Parmi les autres leviers malveillants détectés, on notera la fuite de données due à une erreur humaine ou de configuration (27 %), les attaques au président (26 %), ainsi que le recours à un service de botnet à des fins de DDoS (21 %). A noter que les deepfake ne représentant plus que 5 % des vecteurs d’attaques, soit, 4 points de moins que l’an passé. Au-delà de la variabilité de l’échantillon de répondants d’une année sur l’autre, la mise en place d’outils efficaces pour détecter des messages et vidéos générées avec de l’IA pourrait expliquer ce recul. Bien qu’en baisse, ce type d’attaques peuvent provoquer de gros dégâts : « ces arnaques sont souvent retentissantes en montants et en impacts quand elles sont réussies », fait savoir Alain Bouillé.

Les principales conséquences des attaques ayant visé les entreprises en 2025 sont principalement de trois ordres : vol de données (52 %), déni de service (28 %) et exposition de données (27 %). Effectuées à des fins de perturbation - voire de déstabilisation de niveau étatique - la profusion des attaques par DDoS ne sont pas à prendre à la légère. « Nous avons tous en tête l’incident de La Poste », lance Alain Bouillé. « Nous voyons bien que les déni de services sont une nouvelle arme de guerre finalement, voire un entrainement à la guerre. Quand on voit qu’il n’y pas de profit immédiat, à qui profite le crime ? ». Si de possibles/probables ingérences étrangères peuvent être pointées, les craintes des entreprises en matière de cyber-espionnage augmentent par ailleurs d’une année sur l’autre (40 % versus 37 %). La menace d’origine étatique, en lien avec le contexte géopolitique mondial, est également jugée inquiétante par 53 % des entreprises (60 % chez les plus grandes). Parmi les autres conséquences des attaques, on retiendra aussi les transactions frauduleuses (25 %), les demandes de rançons (14 %) ou encore l’effacement ou altération des données (13 %, en hausse de 6 points). Et en termes d’impact business ? 81 % des entreprises en ont déclaré suite à une cyberattaque, principalement en termes de perturbation de production (28 %) que de perte d’image et impact médiatique (26 %).

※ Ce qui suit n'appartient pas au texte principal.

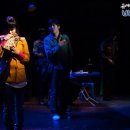 뮤지컬 빨래 이미지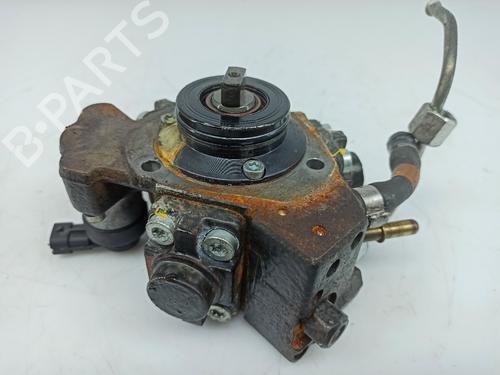 Injection pump FIAT FIORINO Box Body/MPV (225_) 1.3 D Multijet (225BXD1A, 225BXB1A, 225BXB11) | BP17442422M78 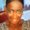 Photo of Shonda S.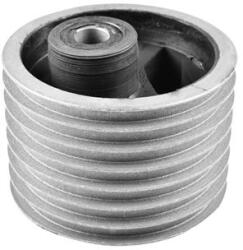 TEDGUM Suport motor TEDGUM 00133412 (00133412) - automobilus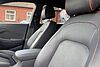 Hyundai KONA 1.0 T-GDi Blue Drive Premium SE 5dr Orange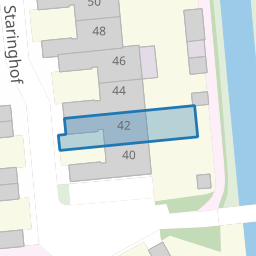 Perceel HLV01-C-3589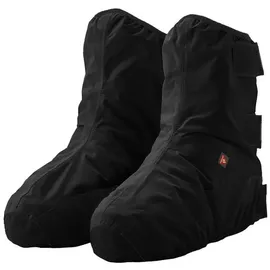 Gonso Save Shoecover Therm M black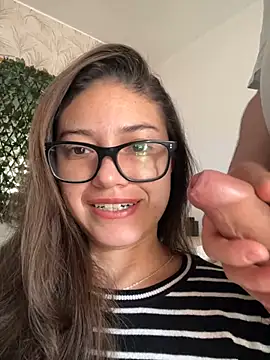 Snapshot of kate_rabittsex chatting on January 27, 10:27 am kate rabittsex online show from January 27, 10:27 am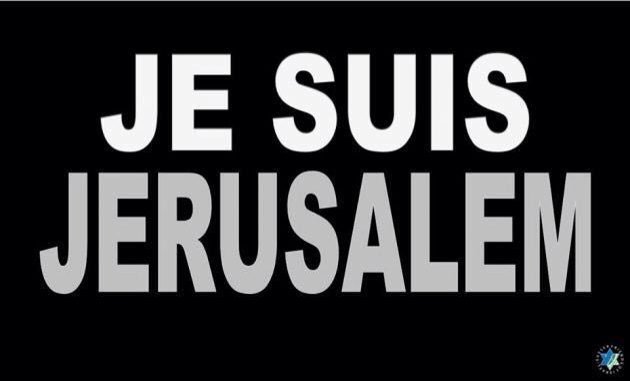 tijeroam's tweet photo. @francediplo @jeanmarcayrault @JZarif
دیپلماسی شما می توانید مسیر دلیل.
رایگان بی گناه.
#iran
#SaveArash
#SOSAli https://t.co/30MOO50Wlq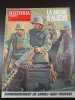 Historia magazine n°239. 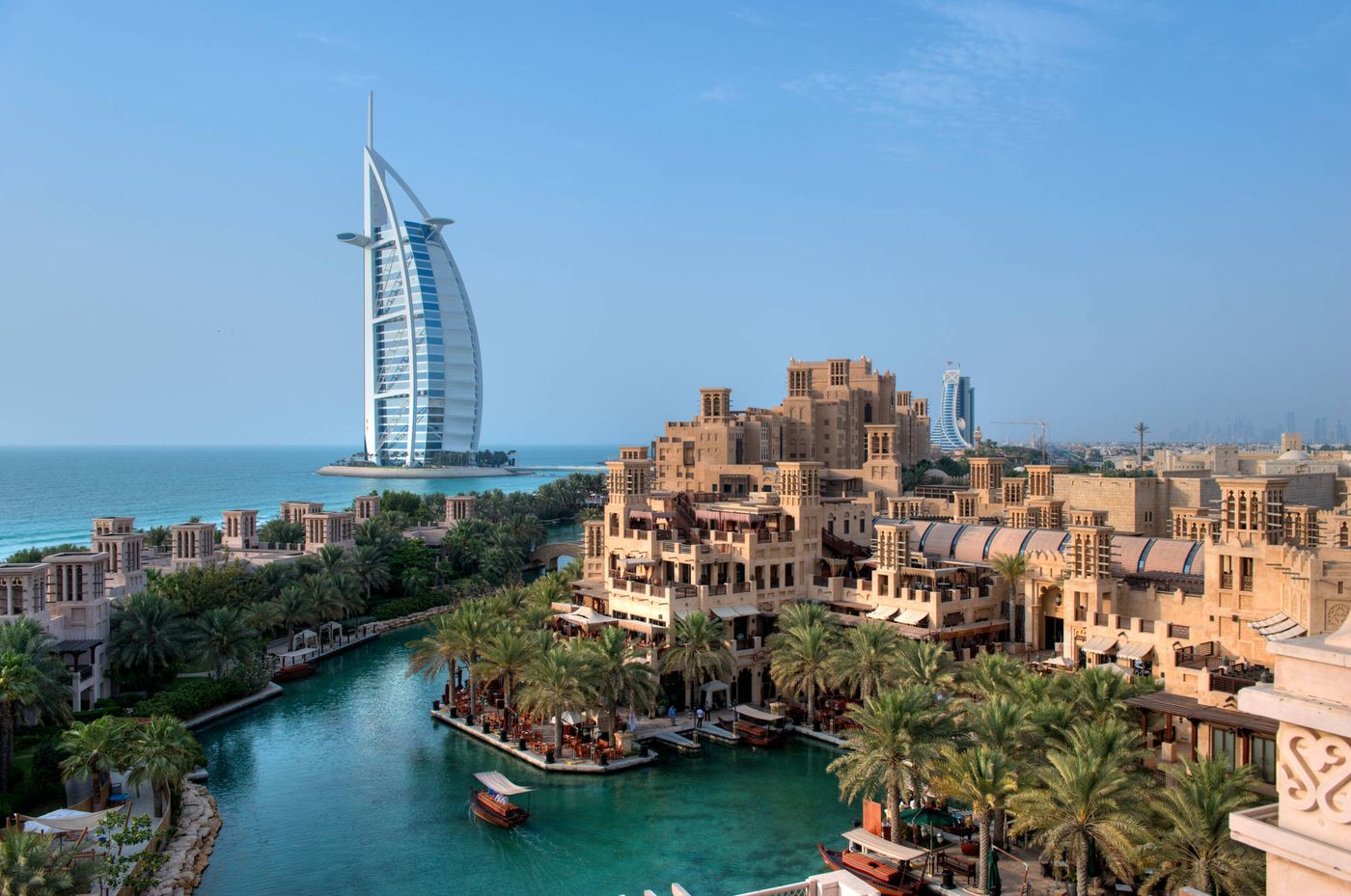 Jumeirah-Mina-A-Salam-Madinat-Jumeirah-General-view-14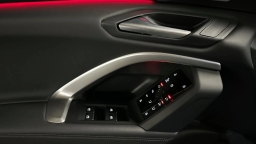 Audi Q5 Premium Plus 2.0 TFSI quattro 2026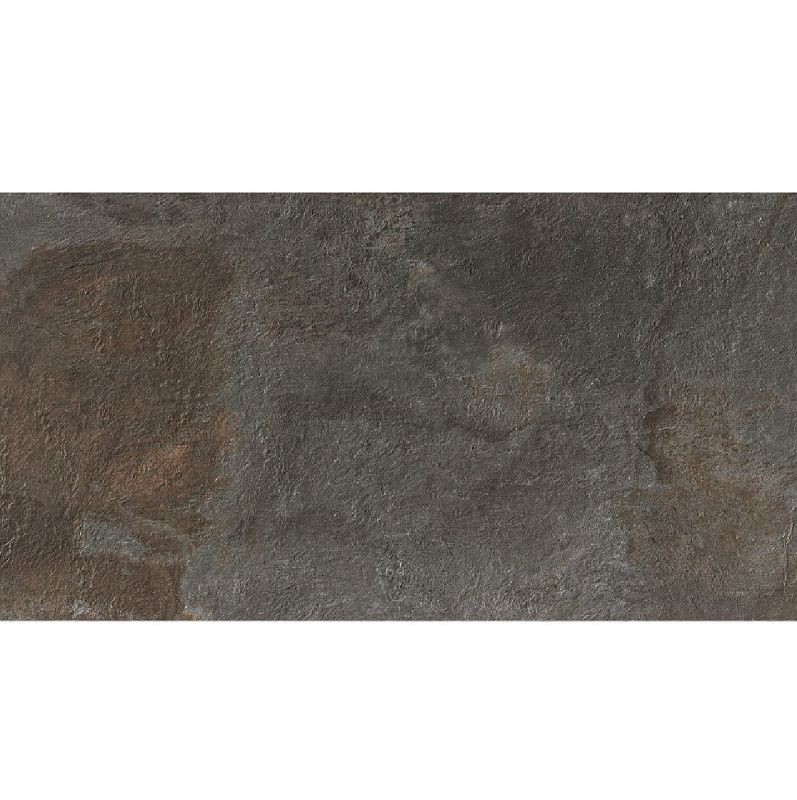 Cercom Stone Box Multicolor 50x100 płytki gresowe imitujące kamień 120466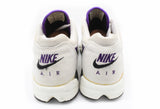 Vintage Nike Air Analog Sneakers US 12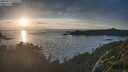 ./images/calvert/foggy-cove/20250719/foggy-cove20250719_210508M.jpg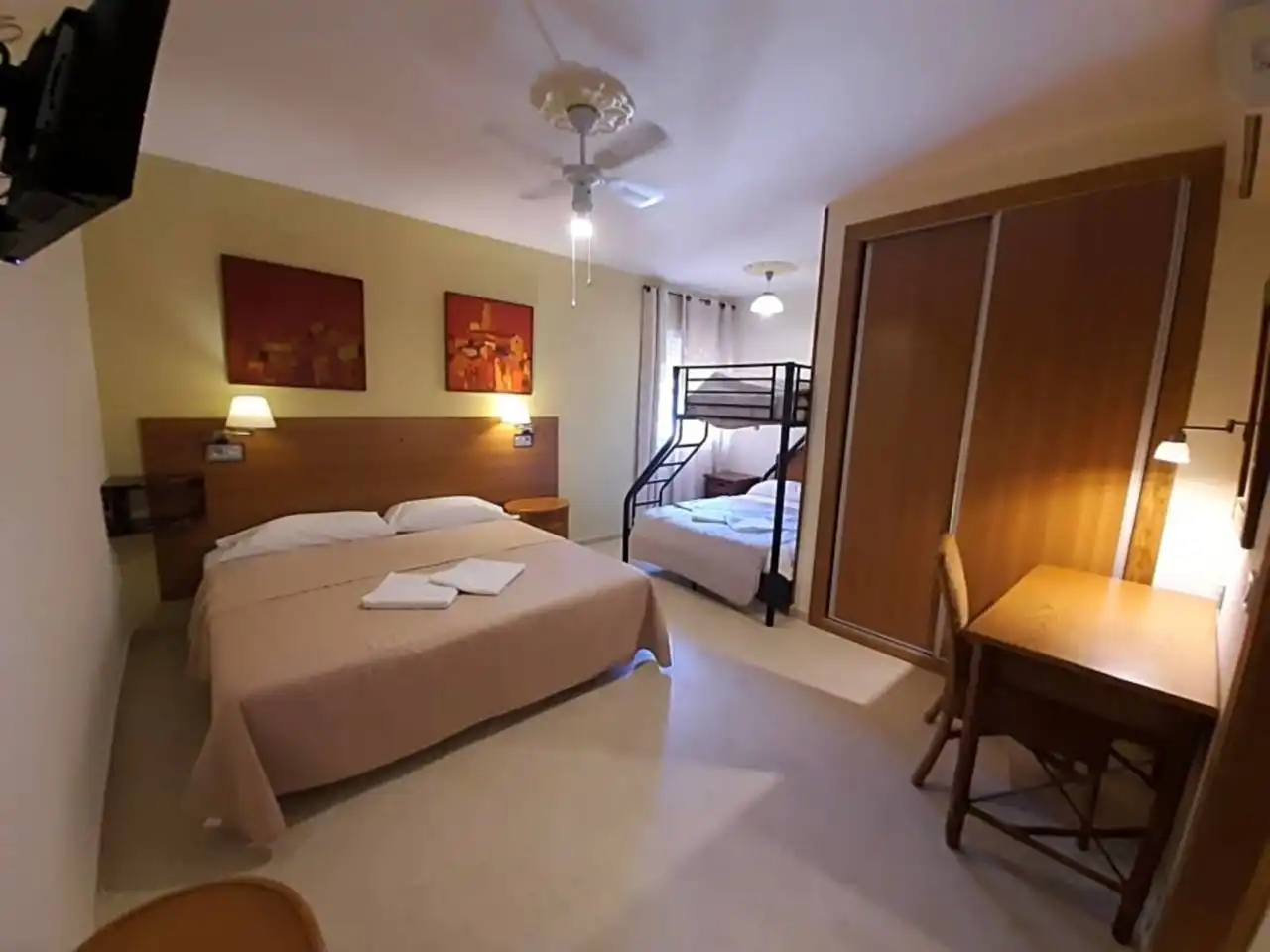 Hotel en venda a Calle San Juan, imagen 22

Un recours plus fréquent à l’externalisation

Parmi les autres enseignements de l’étude particulièrement dense du Cesin, on retiendra par ailleurs que les solutions de pare-feux, EDR et MFA restent toujours le podium dans la stratégie de défense des entreprises, avec des taux de présence respectifs de 98 %, 95 % et 94 %. Mais certains produits font aussi leur entrée tel que les systèmes de contrôle d’accès au réseau, NAC (50 %), de la posture SaaS (21 %), ou de la sécurité des données (DSPM) à 17 %. Concernant le mode de gestion de la sécurité informatique, on remarquera que les entreprises ont davantage externalisé leur Cert/Csirt que l’an passé (45 % versus 38 %), leur SOC (35 % versus 29 %), ainsi que la gestion de la surface d’attaque (22 % versus 16 %). « Il y a une forte tendance à externaliser un certain nombre de services qui peuvent être très largement mutualisés et c’est plutôt une bonne nouvelle », assure Alain Bouillé. « Les entreprises utilisent vraiment maintenant tous les moyens à leur disposition pour juguler les cyberattaques, c’est à dire que l’on va chercher des compétences sur le marché mais que l’on acquiert aussi des compétences en interne pour piloter le service ».

Côté budgets IT/SSI et digital, on retiendra aussi une inflexion, avec 42 % des entreprises déclarant les augmenter d’au moins 5 %, alors qu’elles étaient 48 % un an plus tôt. « Nous ne sommes peut-être pas en phase de restriction budgétaire mais de consolidation, c’est à dire que les entreprises ont tellement acheté les autres années qu’il faut finir de les déployer avant de commencer à acheter autre chose », souligne Alain Bouillé. Une explication pertinente qui ne doit pas éclipser aussi l’hypothèse de contraintes budgétaires plus fortes que les années passées dans des contextes tendus à tous points de vue.